In Psalm 116 it says: “I was filled with fear and anxiety. Then I called to the Lord, “I beg you, Lord, save me!”. “You have saved me from death. I will give you a sacrifice of thanksgiving and offer my prayer to you” (Psalm 116:3,17 (emphasis mine)).
In the midst of my raging storm – called life on earth – and while I do stand on my Rock – known as my Savior Jesus – my innermost being is at war. Spiritual war. And in the midst of life, I forgot one of the most basic things of the Christ-followers life: Thanksgiving.

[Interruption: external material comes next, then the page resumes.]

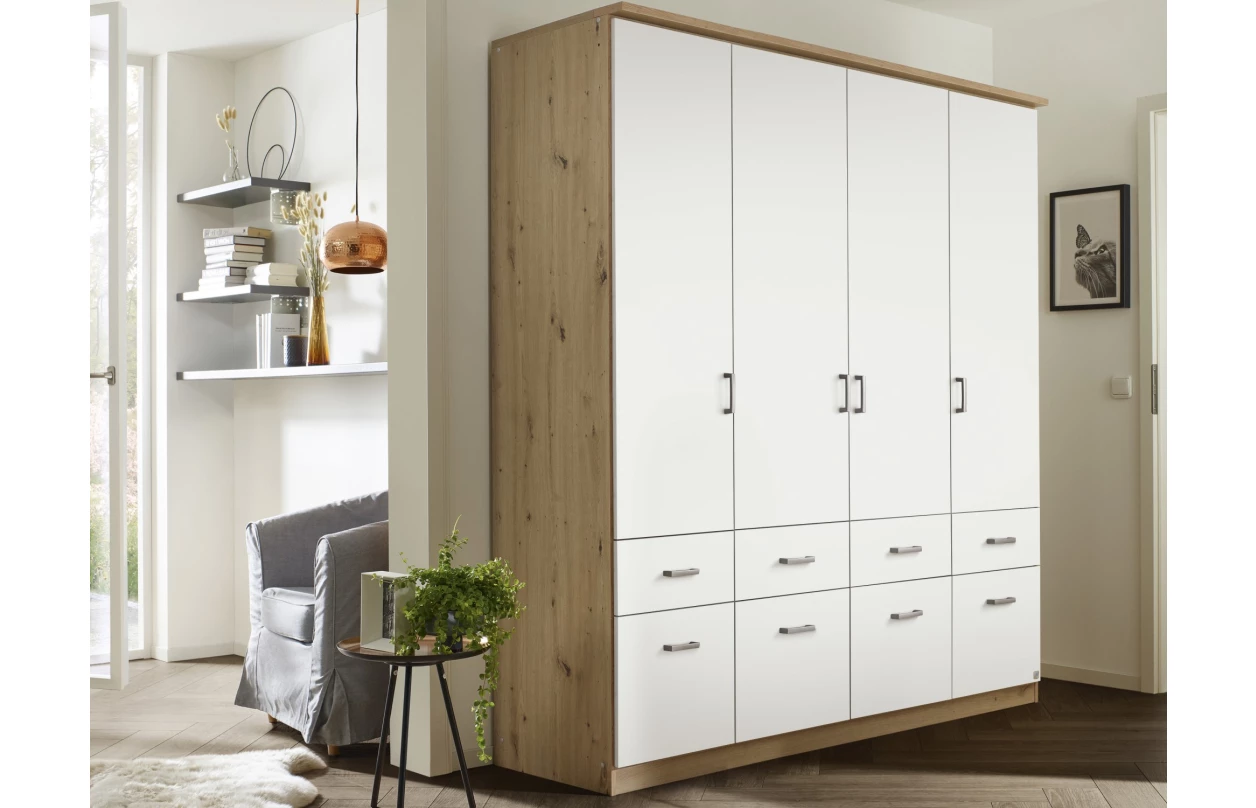 Šatní skříň Bremen, 91 cm, dub sonoma/bílá 20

Yes, it’s a sacrifice to give thanks for the trials and troubles and unlovable people we meet and will meet in the near future… but it opens up our hearts for God to pour in His love that will enable us to pour that love on to others.
Yesterday I was with my daughter at the counseling session and there we talked about having feelings that are natural and okay to have. It’s not exactly Christ-like to be cranky… but it’s okay to have various feelings as long as – we can put words on it. This morning, 5 am, I fell flat on my face, partly because I was so tired I couldn’t sit up, partly because the war inside me is raging with spears that fill me with fear and run away thoughts and scenarios.
What God met me with, was the reminder to be thankful. With Christ in me, I have the most valuable treasure and power working in me.
I am saved from death, so I will give thanks!